*Source information*:
· · ·

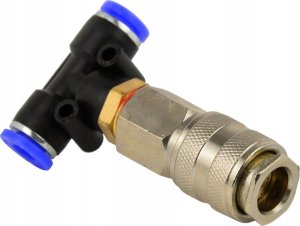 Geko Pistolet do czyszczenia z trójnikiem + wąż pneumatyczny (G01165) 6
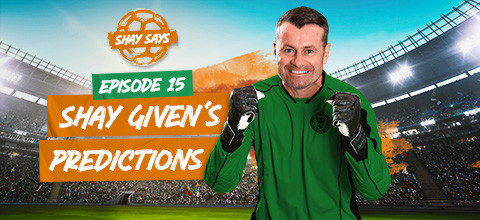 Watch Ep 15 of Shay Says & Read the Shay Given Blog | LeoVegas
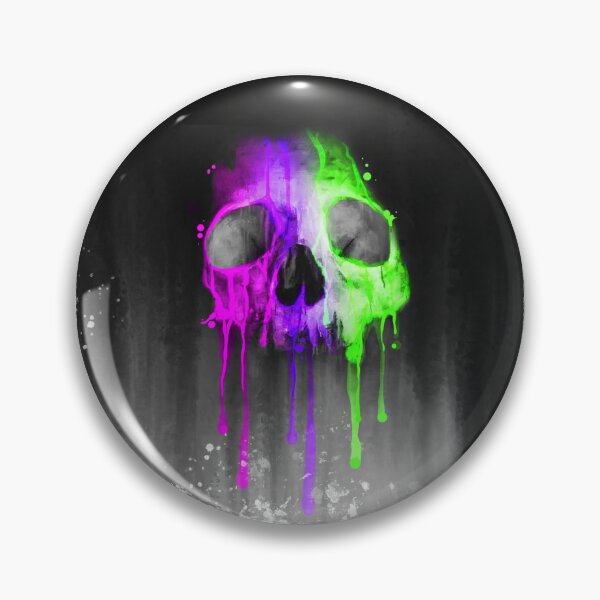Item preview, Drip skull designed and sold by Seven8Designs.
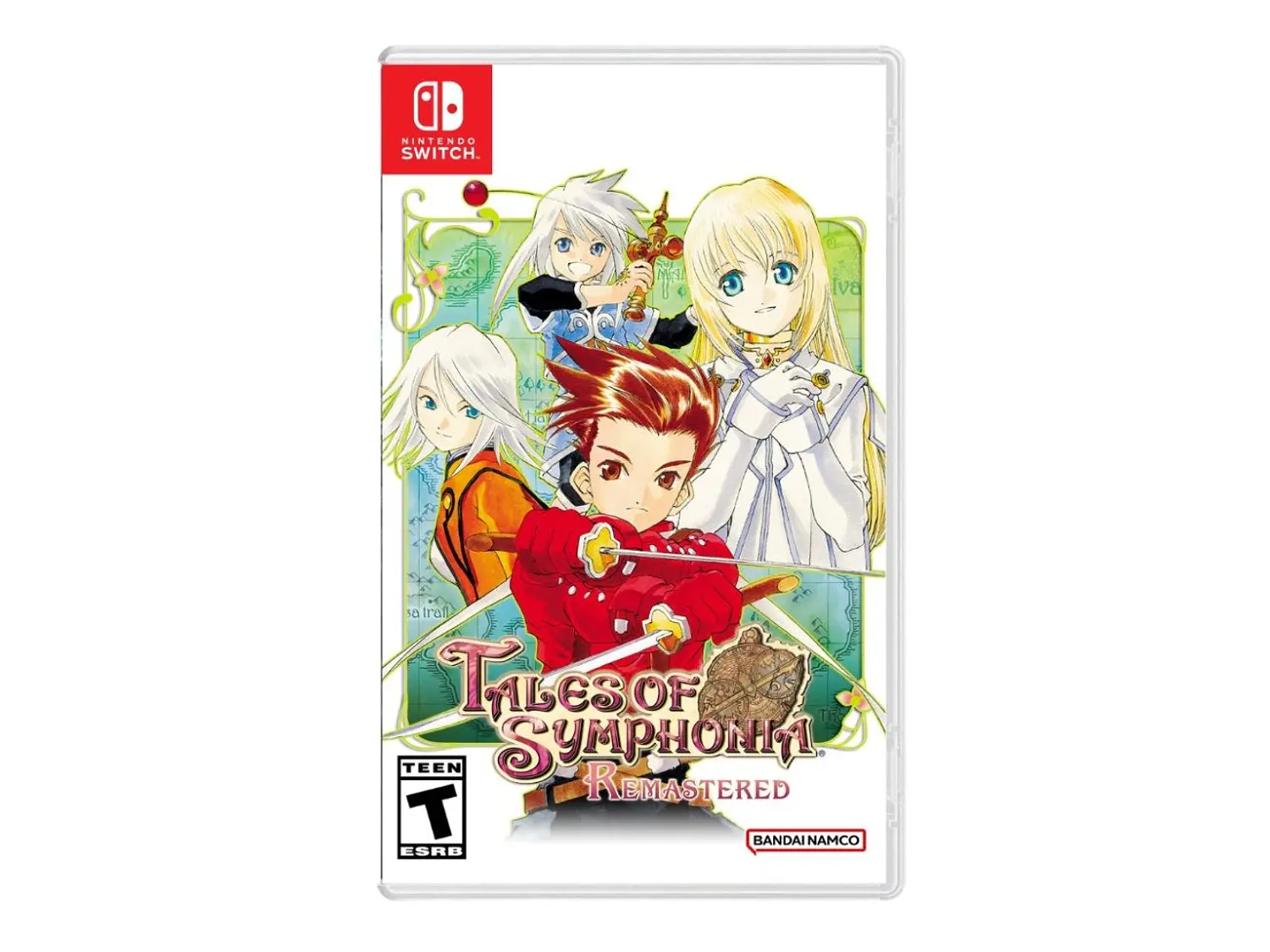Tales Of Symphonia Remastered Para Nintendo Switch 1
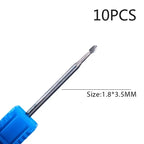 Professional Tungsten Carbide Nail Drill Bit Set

· · ·

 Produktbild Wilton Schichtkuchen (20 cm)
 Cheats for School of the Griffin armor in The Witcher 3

· · ·

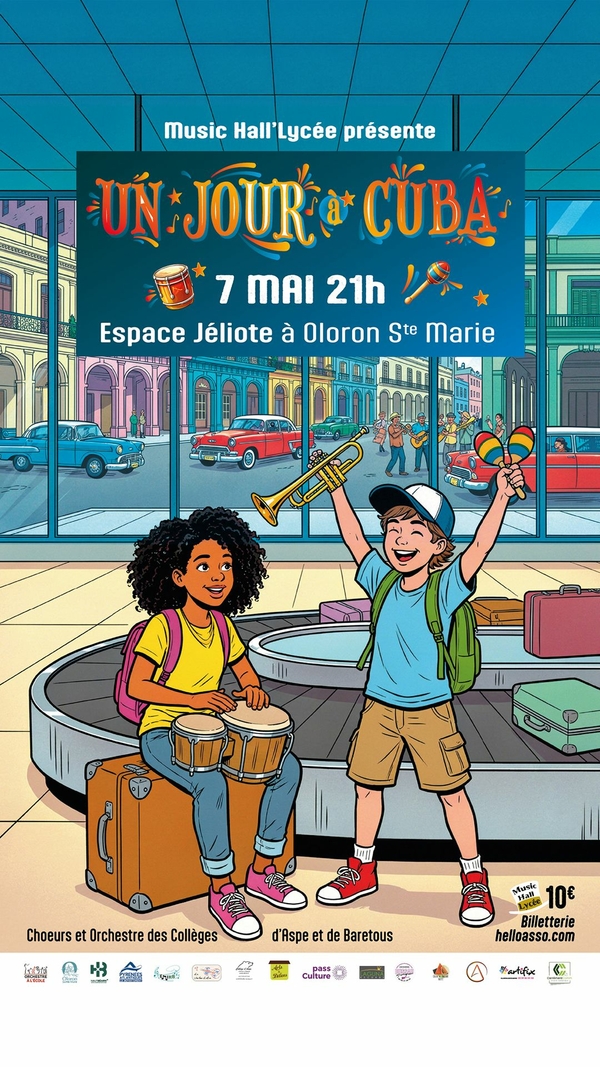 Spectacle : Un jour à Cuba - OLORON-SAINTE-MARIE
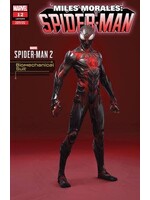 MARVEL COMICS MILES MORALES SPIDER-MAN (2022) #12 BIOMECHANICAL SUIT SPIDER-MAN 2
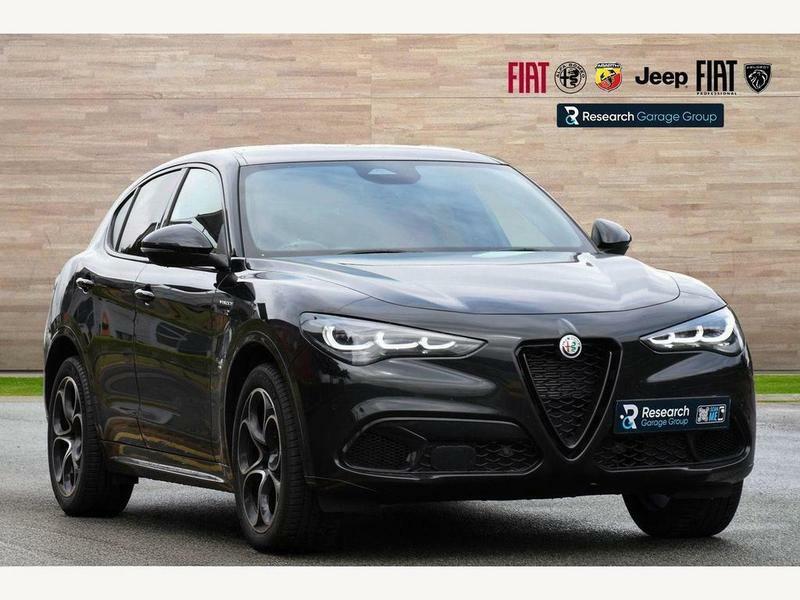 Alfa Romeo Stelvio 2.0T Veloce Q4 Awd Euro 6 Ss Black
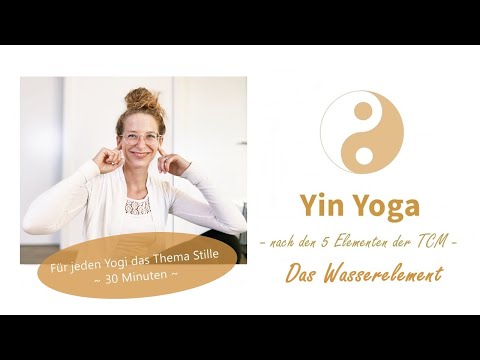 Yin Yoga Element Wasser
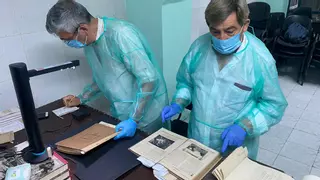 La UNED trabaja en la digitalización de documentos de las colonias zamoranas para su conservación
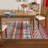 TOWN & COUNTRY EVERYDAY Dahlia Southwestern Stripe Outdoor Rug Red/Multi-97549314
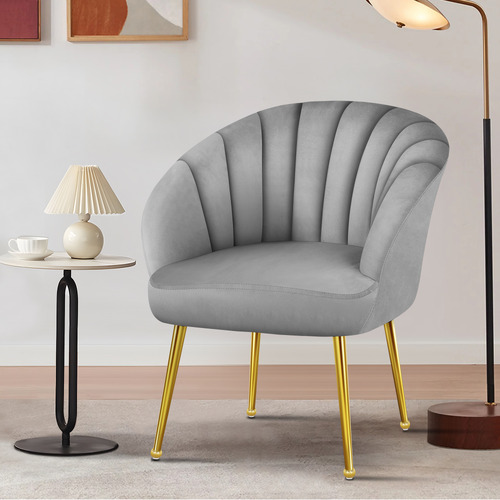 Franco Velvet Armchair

· · ·

*What needs to be done*:
Range to copy from the listing above: the line with "Geko Pistolet do" through the line with "Professional Tungsten Carbide". Transcribe it exactly and skip the pictures.

*Solution*:
 Geko Pistolet do czyszczenia z trójnikiem + wąż pneumatyczny (G01165) 6
 Watch Ep 15 of Shay Says & Read the Shay Given Blog | LeoVegas
Item preview, Drip skull designed and sold by Seven8Designs.
Tales Of Symphonia Remastered Para Nintendo Switch 1
 Professional Tungsten Carbide Nail Drill Bit Set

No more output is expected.